Every entry must be repeated exactly in the answer.

> _INFORMATION PROVIDED_:
* * *

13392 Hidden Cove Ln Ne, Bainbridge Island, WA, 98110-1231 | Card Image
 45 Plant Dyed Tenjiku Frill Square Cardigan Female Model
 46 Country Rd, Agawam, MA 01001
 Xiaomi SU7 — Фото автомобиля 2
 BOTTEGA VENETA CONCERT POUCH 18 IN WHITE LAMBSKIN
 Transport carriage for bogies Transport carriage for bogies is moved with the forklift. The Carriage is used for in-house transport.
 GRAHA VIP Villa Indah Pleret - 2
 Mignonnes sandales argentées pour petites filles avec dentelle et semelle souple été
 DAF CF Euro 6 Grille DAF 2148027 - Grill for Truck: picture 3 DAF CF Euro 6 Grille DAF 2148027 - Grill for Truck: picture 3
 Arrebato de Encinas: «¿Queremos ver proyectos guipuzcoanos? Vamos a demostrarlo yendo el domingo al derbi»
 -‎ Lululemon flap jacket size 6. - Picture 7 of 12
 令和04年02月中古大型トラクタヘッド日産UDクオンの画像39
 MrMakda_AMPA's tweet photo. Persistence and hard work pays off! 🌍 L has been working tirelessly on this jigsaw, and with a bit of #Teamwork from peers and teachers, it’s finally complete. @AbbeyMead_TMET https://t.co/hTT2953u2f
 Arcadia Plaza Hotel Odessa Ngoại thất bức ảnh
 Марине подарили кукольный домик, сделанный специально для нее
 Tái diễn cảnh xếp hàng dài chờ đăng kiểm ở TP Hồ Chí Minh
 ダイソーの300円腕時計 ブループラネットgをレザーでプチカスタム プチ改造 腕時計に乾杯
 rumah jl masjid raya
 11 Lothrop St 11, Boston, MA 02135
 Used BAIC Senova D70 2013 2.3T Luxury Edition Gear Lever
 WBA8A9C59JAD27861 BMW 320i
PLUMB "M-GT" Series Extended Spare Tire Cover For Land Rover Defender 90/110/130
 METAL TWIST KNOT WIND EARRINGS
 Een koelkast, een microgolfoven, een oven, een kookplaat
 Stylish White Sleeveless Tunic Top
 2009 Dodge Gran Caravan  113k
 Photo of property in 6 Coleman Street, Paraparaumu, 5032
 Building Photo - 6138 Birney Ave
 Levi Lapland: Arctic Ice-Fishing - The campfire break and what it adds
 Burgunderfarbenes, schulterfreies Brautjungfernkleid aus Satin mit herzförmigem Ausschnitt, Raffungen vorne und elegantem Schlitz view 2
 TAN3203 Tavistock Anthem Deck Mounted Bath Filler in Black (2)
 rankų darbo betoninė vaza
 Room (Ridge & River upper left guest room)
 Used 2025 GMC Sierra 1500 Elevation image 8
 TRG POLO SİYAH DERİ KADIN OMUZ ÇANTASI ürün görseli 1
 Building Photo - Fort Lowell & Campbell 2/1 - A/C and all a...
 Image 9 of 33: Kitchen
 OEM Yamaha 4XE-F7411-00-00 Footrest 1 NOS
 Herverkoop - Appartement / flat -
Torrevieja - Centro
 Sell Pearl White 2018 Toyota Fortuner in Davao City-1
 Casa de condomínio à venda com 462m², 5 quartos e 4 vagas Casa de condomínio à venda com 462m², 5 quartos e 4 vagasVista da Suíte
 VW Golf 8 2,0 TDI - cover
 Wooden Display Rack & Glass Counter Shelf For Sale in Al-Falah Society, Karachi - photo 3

* * *

> _ANSWER BOX_:
13392 Hidden Cove Ln Ne, Bainbridge Island, WA, 98110-1231 | Card Image
 45 Plant Dyed Tenjiku Frill Square Cardigan Female Model
 46 Country Rd, Agawam, MA 01001
 Xiaomi SU7 — Фото автомобиля 2
 BOTTEGA VENETA CONCERT POUCH 18 IN WHITE LAMBSKIN
 Transport carriage for bogies Transport carriage for bogies is moved with the forklift. The Carriage is used for in-house transport.
 GRAHA VIP Villa Indah Pleret - 2
 Mignonnes sandales argentées pour petites filles avec dentelle et semelle souple été
 DAF CF Euro 6 Grille DAF 2148027 - Grill for Truck: picture 3 DAF CF Euro 6 Grille DAF 2148027 - Grill for Truck: picture 3
 Arrebato de Encinas: «¿Queremos ver proyectos guipuzcoanos? Vamos a demostrarlo yendo el domingo al derbi»
 -‎ Lululemon flap jacket size 6. - Picture 7 of 12
 令和04年02月中古大型トラクタヘッド日産UDクオンの画像39
 MrMakda_AMPA's tweet photo. Persistence and hard work pays off! 🌍 L has been working tirelessly on this jigsaw, and with a bit of #Teamwork from peers and teachers, it’s finally complete. @AbbeyMead_TMET https://t.co/hTT2953u2f
 Arcadia Plaza Hotel Odessa Ngoại thất bức ảnh
 Марине подарили кукольный домик, сделанный специально для нее
 Tái diễn cảnh xếp hàng dài chờ đăng kiểm ở TP Hồ Chí Minh
 ダイソーの300円腕時計 ブループラネットgをレザーでプチカスタム プチ改造 腕時計に乾杯
 rumah jl masjid raya
 11 Lothrop St 11, Boston, MA 02135
 Used BAIC Senova D70 2013 2.3T Luxury Edition Gear Lever
 WBA8A9C59JAD27861 BMW 320i
PLUMB "M-GT" Series Extended Spare Tire Cover For Land Rover Defender 90/110/130
 METAL TWIST KNOT WIND EARRINGS
 Een koelkast, een microgolfoven, een oven, een kookplaat
 Stylish White Sleeveless Tunic Top
 2009 Dodge Gran Caravan  113k
 Photo of property in 6 Coleman Street, Paraparaumu, 5032
 Building Photo - 6138 Birney Ave
 Levi Lapland: Arctic Ice-Fishing - The campfire break and what it adds
 Burgunderfarbenes, schulterfreies Brautjungfernkleid aus Satin mit herzförmigem Ausschnitt, Raffungen vorne und elegantem Schlitz view 2
 TAN3203 Tavistock Anthem Deck Mounted Bath Filler in Black (2)
 rankų darbo betoninė vaza
 Room (Ridge & River upper left guest room)
 Used 2025 GMC Sierra 1500 Elevation image 8
 TRG POLO SİYAH DERİ KADIN OMUZ ÇANTASI ürün görseli 1
 Building Photo - Fort Lowell & Campbell 2/1 - A/C and all a...
 Image 9 of 33: Kitchen
 OEM Yamaha 4XE-F7411-00-00 Footrest 1 NOS
 Herverkoop - Appartement / flat -
Torrevieja - Centro
 Sell Pearl White 2018 Toyota Fortuner in Davao City-1
 Casa de condomínio à venda com 462m², 5 quartos e 4 vagas Casa de condomínio à venda com 462m², 5 quartos e 4 vagasVista da Suíte
 VW Golf 8 2,0 TDI - cover
 Wooden Display Rack & Glass Counter Shelf For Sale in Al-Falah Society, Karachi - photo 3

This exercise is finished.